Which, of course, isn’t surprising. The Internet has become an important news source: According to a recent survey conducted by the Pew Research Center, 50-percent of 18 to 29-year-olds “often” get their news from the Internet, while more non-millennials are turning to the Internet for news. Despite the pieces of investigative journalism on the Internet that has rivaled, and has sometimes surpassed, the quality of television reporting, a part of me feels that the Internet, in all its encyclopedic glory, has become more of an enforcer rather than a panacea to political apathy.
I was in high school in 2007 when FOX News was at war with the liberal media, Jon Stewart and Stephen Colbert elevated political satire to unforeseen heights, Saturday Night Live had one of its best casts and writing staff of all-time, and Rosie O’Donnell and Elisabeth Hasselbeck regularly debated Bush-era politics on The View. That sense of thoughtful chaos drew me into politics, as I witnessed how television boldly addressed the increasing chasm between liberal and conservative America with passionate discourse. Whether you agreed with Bill O’Reilly or Rachel Maddow, there was a sense that politics, as seen on television, captured a collective pulse. Public dialogue evolved into a spirited debate, and people tuned in to write about it, read about it, and talk about it. For once, television news strived to be the antithesis to Network’s proclamations about television news. Because television news didn’t want to be an illusion anymore—it wanted to be a reflection of our own burning paranoias and ideologies.
Politics on television reached its apex in 2008. Barack Obama and Hillary Clinton vied for the Democratic nomination. John McCain had selected an inexperienced Sarah Palin as his vice presidential candidate. Television’s political stratosphere reacted in a powerful way. Conservative media accused Obama of being born in Kenya to being secretly Muslim to being—and in retrospect, the most impressive accusation of them all—the anti-Christ. Tina Fey introduced her uncanny Sarah Palin impression on SNL. The New York Times even posted CliffNotes for The View’s John McCain interview. Politics and popular culture intertwined in a way that felt culturally revolutionary; even if you weren’t engaged in politics, television made politics digestible, and, most importantly, entertaining.

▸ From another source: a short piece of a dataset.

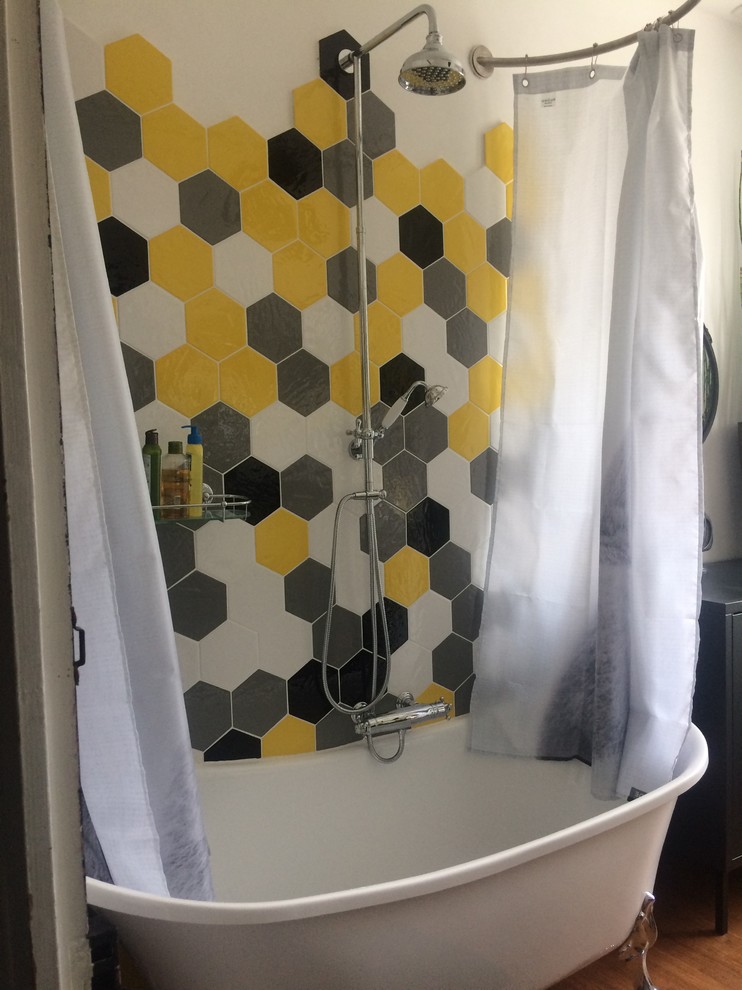 This is an example of a mid-sized midcentury master bathroom with a claw-foot tub, a shower/bathtub combo, a wall-mount toilet, yellow tile, white walls, bamboo floors, a vessel sink and wood benchtops.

The 2008 presidential election resulted in 131 million votes, America’s first black president, and the birth of a new kind of conservative movement. Political participation felt tantamount to the citizenry. I can’t help but think that the forces of political commentary within our cultural lexicon galvanized the masses to vote. That dialogue that shaped and defined liberal and conservative America perhaps angered people as much as it inspired people to participate in the political process.
Fast forward to 2016. Somewhere along the way, the cable news wars died down, Jon Stewart left The Daily Show, everyone we loved left SNL, Colbert left The Colbert Report, and The View has become a daytime wasteland. Of no fault of their own, Pelley, Muir, and Holt deliver our evening news with relative anonymity; and Noah, Stewart’s heir, is braving The Daily Show’s ratings plummet. Sure, we still have John Oliver and Samantha Bee, but they lack Stewart’s or Colbert’s clout.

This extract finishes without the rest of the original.